10 Mo.App. 235 (Mo.App. 1881)

HENRY A. BATTERSON, Appellant,

v.

JOHN C. VOGEL, EXECUTOR, Respondent.

Court of Appeals of Missouri, St. Louis.

April 12, 1881

1. An inn-keeper is liable for a loss of his guest's goods not occasioned bye the latter's negligence, the act of God, or the public enemy.

2. That a guest is provided with facilities for fastening his door which he does not use, is not proof of negligence which will discharge the inn-keeper from liability for loss of the guest's property.

3. That the guest has means furnished him for securing himself which he fails to use, is a fact which, with other circumstances of the case, should be left to the jury.

4. The question in such a case is, whether the loss would have occurred if the plaintiff had used the ordinary care which a prudent man might reasonably be expected to take.

5. Unless good ground for it appears, an instruction that if the jury believe that a witness has knowingly sworn falsely as to any material fact they may disregard his entire testimony, should not be given.

6. When a cause has been reversed because of the admission of certain testimony, the error in admitting the same testimony again is not necessarily cured by withdrawing it from the jury by an instruction.

APPEAL from the St. Louis Circuit Court, BOYLE, J

Reversed and remanded.

ALLEN & CASTE, with whom is L. B. VALLIANT, for the appellant: That the guest fails to lock his door will not relieve the inn-keeper from liability.-- Coyle's Case, 8 Cow. 32; Burgess v. Clements, 4 Mau. & Sel. 316; Classen v. Leopold, 2 Sweeny 705: Hulett v. Swift, 33 N.Y. 573; Cashell v. Wright, 6 El. & Bl.--; Filipwoski v. Merriweather, 2 Fost. & Fin. 285; Mitchell v. Woods, 16 L. T. (N. S.) 676; Oppenheim v. White Lion, L. R. 6 C. P. 515; Buddenburgh v. Benner, 1 Hilt. 84. Unless the occasion requires it, it is error to warn the jury by an instruction against false swearing.-- Iron Mountain Bank v. Murdock, 62 Mo. 74; White v. Marcy, 64 Mo. 559.

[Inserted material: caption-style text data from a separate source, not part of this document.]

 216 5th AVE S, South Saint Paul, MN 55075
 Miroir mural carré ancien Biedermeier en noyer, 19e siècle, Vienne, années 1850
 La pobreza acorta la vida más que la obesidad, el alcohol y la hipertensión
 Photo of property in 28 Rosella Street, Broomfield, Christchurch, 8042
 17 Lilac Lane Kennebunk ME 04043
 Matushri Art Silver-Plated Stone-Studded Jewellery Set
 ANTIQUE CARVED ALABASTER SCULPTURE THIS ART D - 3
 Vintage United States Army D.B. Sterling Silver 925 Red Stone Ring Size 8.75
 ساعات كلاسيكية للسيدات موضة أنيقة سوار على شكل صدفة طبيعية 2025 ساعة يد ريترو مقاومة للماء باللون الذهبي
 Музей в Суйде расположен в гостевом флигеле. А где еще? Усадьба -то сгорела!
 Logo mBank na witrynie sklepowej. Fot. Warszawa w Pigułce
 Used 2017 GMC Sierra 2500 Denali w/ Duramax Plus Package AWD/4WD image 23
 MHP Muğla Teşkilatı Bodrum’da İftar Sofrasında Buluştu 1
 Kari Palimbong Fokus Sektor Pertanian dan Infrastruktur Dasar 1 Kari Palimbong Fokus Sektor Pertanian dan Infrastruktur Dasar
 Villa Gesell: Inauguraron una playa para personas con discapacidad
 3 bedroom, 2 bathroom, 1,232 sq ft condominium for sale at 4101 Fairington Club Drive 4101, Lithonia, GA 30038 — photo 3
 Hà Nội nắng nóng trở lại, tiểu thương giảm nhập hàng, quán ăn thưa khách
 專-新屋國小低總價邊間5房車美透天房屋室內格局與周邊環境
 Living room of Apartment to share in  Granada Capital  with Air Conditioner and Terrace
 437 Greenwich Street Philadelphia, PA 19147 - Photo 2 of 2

W. H. H. RUSSELL and BROADHEAD, SLAYBACK & HAEUSSLER, for the respondent: A new trial will not be granted because incompetent testimony was allowed to go before the jury, which was afterwards taken from their consideration by a proper instruction.-- Fitzgerald v. The State, 14 Mo. 413. " Where there is testimony tending to show negligence, it is for the jury...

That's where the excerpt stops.